Lei si occupa anche di letteratura fantasy e fantascientifica. Le è capitato di trovare rimandi inaspettati alla Commedia in quei mondi?

Una chicca non troppo nota è quella di un grande scrittore di fantascienza, C. S. Lewis, l’autore de Le cronache di Narnia. Durante un intervento sulla fantascienza disse che secondo lui il primo vero grande momento nella letteratura moderna, dal Medioevo in poi, è in Inferno 34, quando Dante sta scalando il corpo del diavolo al centro della Terra. Improvvisamente Virgilio lo fa girare, lui non capisce bene cosa stia succedendo, è come se avesse le vertigini, d’un tratto non si trova più il corpo di Satana che sporge dal ghiaccio dalla cintola in su, ma i piedi del diavolo che spuntano dal suolo, perché avendo girato al centro della Terra si sono invertiti i poli. Questo è Jules Verne secoli prima.

Come andrà avanti il Commento nell’anno dantesco?

Diventerà un libro per le edizioni Le lettere. Uscirà l’Inferno, cosa di cui siamo molto felici. Abbiamo scoperto che oltre a essere apprezzato dai lettori, alcuni docenti hanno ritenuto utile utilizzare il Commento con i loro studenti, proprio per la diversità del suo approccio. Quest’anno poi saremo al Salone del libro di Torino con un grande evento di cui stiamo definendo le modalità. Abbiamo già fatto un evento dal vivo al Festival di letteratura sociale a La polveriera (lo spazio autogestito nell’ex convento di Sant’Apollonia di Firenze, ndr), un “Commento collettivo live” che in un sabato sera di ottobre ha portato centinaia di persone ad ascoltare Dante, a dimostrazione di quanta fame e desiderio ci siano di potersi incontrare in certi spazi.
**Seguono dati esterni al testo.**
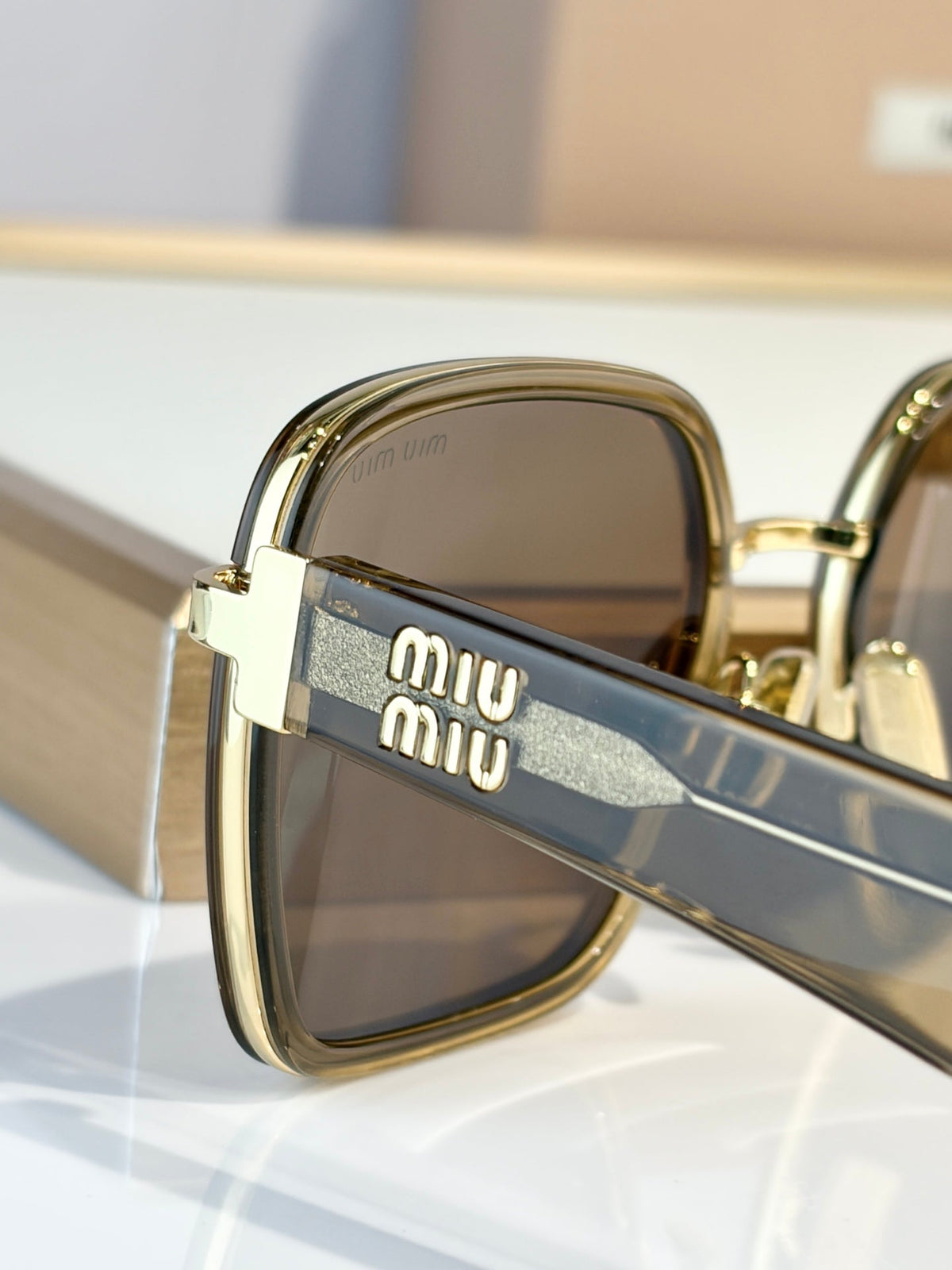 Miu Miu MU B19 Sunglasses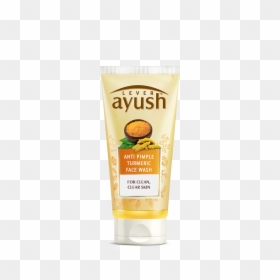 Transparent Pimple Png - Lever Ayush Face Wash, Png Download - pimple png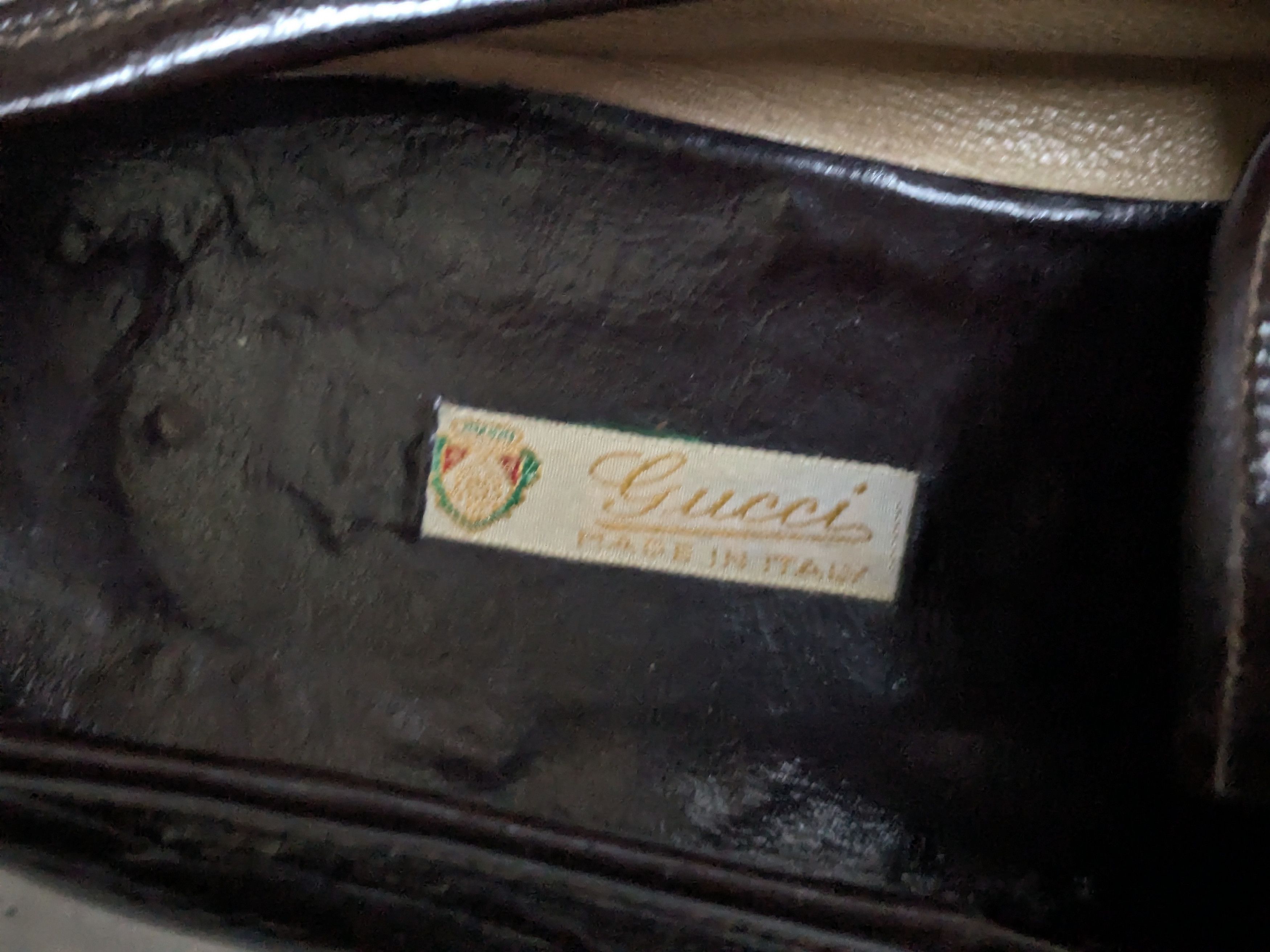 Gucci Vintage Gucci Horsebit Loafers Burgundy Leather 8.5 D Size US 8.5 / EU 41-42 - 2 Thumbnail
Perché affidarsi ancora a Dante?

In un momento come questo è ancora più dolorosamente palese quanto la letteratura sia un bene necessario. Non credo che avrei vissuto questi mesi nello stesso modo se non ci fosse stata la grande arte. Perché ci ricorda chi siamo, ci espone alla nostra vulnerabilità e quindi ci permette di tenerci strette le uniche cose che contano.

Edoardo Rialti, fiorentino, è traduttore di letteratura anglo-americana e letteratura fantasy, sci-fi, horror, per Mondadori, Lindau, Gargoyle, Multiplayer. Tra gli altri ha tradotto e curato opere di J.R.R. Martin, C. S. Lewis, J. Abercrombie, P. Brown, O. Wilde, W. Shakespeare. È collaboratore e critico letterario de Il Foglio. Ha insegnato letteratura comparata in Italia e Canada.